Covoiturage : l'Ile-de-France renouvelle les subventions... et les pérennisera Les trajets covoiturés dans la région seront financés à hauteur de 3 euros par passager au lieu de 2, et les conducteurs pourront cumuler jusqu'à 150 euros de dédommagement par mois.

C'est le retour des covoiturages courte distance financés par l'argent public. A l'issue de son conseil d'administration du 17 avril, Ile-de-France Mobilités (IDFM) a décidé de renouveler ses subventions au covoiturage, qui s'étaient arrêtées fin décembre après plus d'un an d'expérimentation. "Pendant cette année test, nous sommes passés de 10 à 40 000 covoiturages par mois. C'est une belle croissance mais les volumes ne sont pas encore au niveau de nos attentes, qui sont plutôt en centaines de milliers de trajets", explique au JDN Laurent Probst, directeur général d'IDFM, qui rappelle que huit millions de personnes voyagent chaque jour sur le réseau francilien. "Nous sommes donc arrivés à la conclusion que nous devions entrer dans un système pérenne de subvention du covoiturage".

Pour l'instant, les subventions recommencent avec une durée limitée, jusqu'au 31 décembre 2019, mais avec plus de moyens. Jusqu'ici plafonnés à deux euros par trajet, les covoiturages seront désormais pris en charge jusqu'à trois euros. Dans le détail, les voyages entre 2 et 15 kilomètres seront payés à hauteur d'1,5 euro, ceux au-delà de 30 kilomètres monteront à trois euros, tandis qu'entre les deux, la subvention sera progressive, à raison de dix centimes par kilomètre. L'argent sera versé par la région aux conducteurs via des plateformes comme Klaxit, Karos ou BlaBlaLines. En pratique, les trajets seront gratuits pour les passagers, qui à l'origine devaient payer eux-même une dizaine de centimes par kilomètre parcourus.

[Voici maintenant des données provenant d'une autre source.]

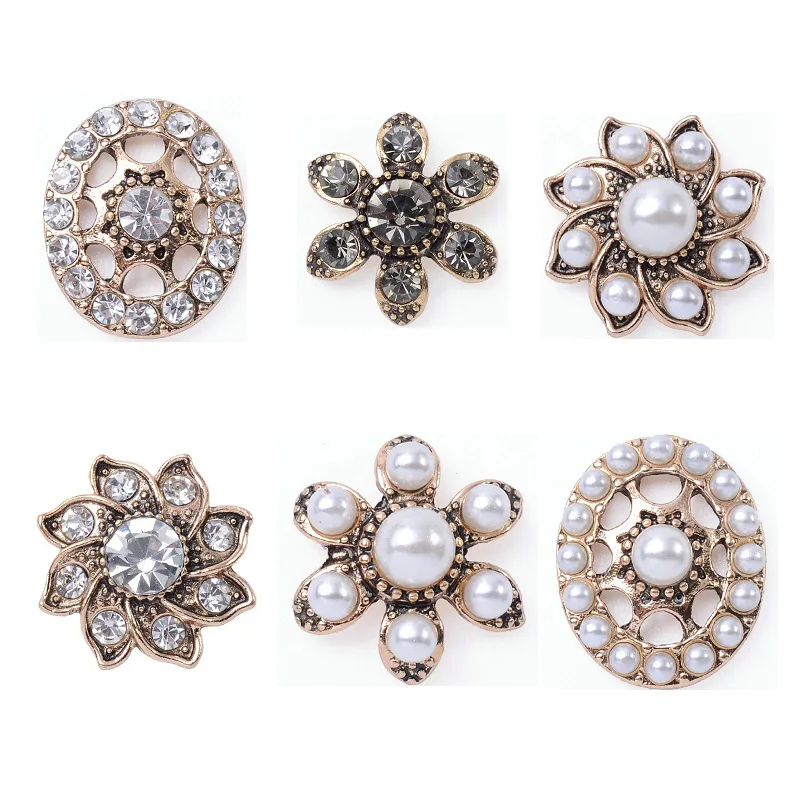 5 Pcs Rhinestone Pearl Flower Plate Diamond Button Jewelry Scarf For Hair Accessories DIY Decorative Clothing Handmade Material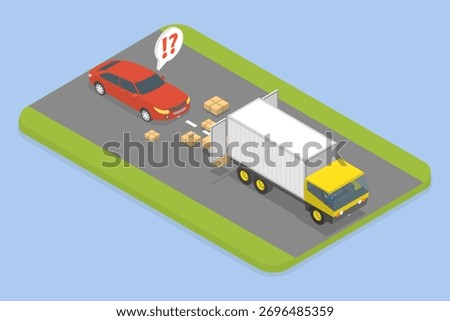 3D Isometric Flat Vector Illustration of Road Accident, Boxes Spilled From Truck Into Passing Car Due To Door Being Left Unlocked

"Il y a un problème d'offre. Le principal sujet est de réussir à recruter plus de conducteurs"

Les subventions deviennent également plus incitatives pour les conducteurs. Auparavant limités à deux euros de dédommagement par trajet quelque soit le nombre de passagers, ils pourront désormais recevoir jusqu'à trois euros par passager. De quoi les inciter à remplir leurs véhicules. Pour éviter les taxis clandestins, une limite de 150 euros de dédommagement par mois et par conducteur a été fixée. "Il y a un problème d'offre", déplore Laurent Probst. "Le principal sujet est de réussir à recruter plus de conducteurs".

Seuls les passagers détenteurs d'un Pass Navigo seront éligibles à ces trajets subventionnés, les autres devront payer selon le tarif défini par l'opérateur, et qui tourne donc le plus souvent autour de dix centimes par kilomètre. 

Peu d'argent pour les start-up

Le nouveau mécanisme pose la question de la rémunération des entreprises : elles ne percevront pas le moindre argent sur les trajets des abonnés Navigo, qui représentent environ 80% des utilisateurs de ces applis, selon IDFM. Elles pourront donc uniquement prélever leur commission sur les 20% de covoitureurs ne disposant pas d'un pass Navigo. "Il est vrai que cela risque d'être compliqué pour les entreprises", reconnaît Laurent Probst. "Mais cela les incitera à recruter de nouveaux usagers et à chercher d'autres modes de rémunération, par exemple auprès des entreprises".

Les start-up du secteur ont en tout cas obtenu ce qu'elles réclamaient depuis des années : la reconnaissance du covoiturage comme transport en commun. Laurent Probst, qui a longtemps martelé que ces entreprises n'avaient pas vocation à être financées indéfiniment par les deniers public, le reconnaît désormais. "J'étais assez catégorique là-dessus. Mais la montée en puissance du covoiturage est assez indéniable, bien que pas aussi forte qu'espérée."

IDFM se prépare donc, à l'issue de ce renouvellement jusqu'au 31 décembre, à trouver un modèle juridique pérenne à sa subvention. Il s'agira soit d'une subvention semi-ouverte, dans laquelle les entreprises candidatent et doivent respecter un certain nombre de critères pour être éligibles, soit d'un appel d'offres, qui couronnerait un vainqueur pour toute la région.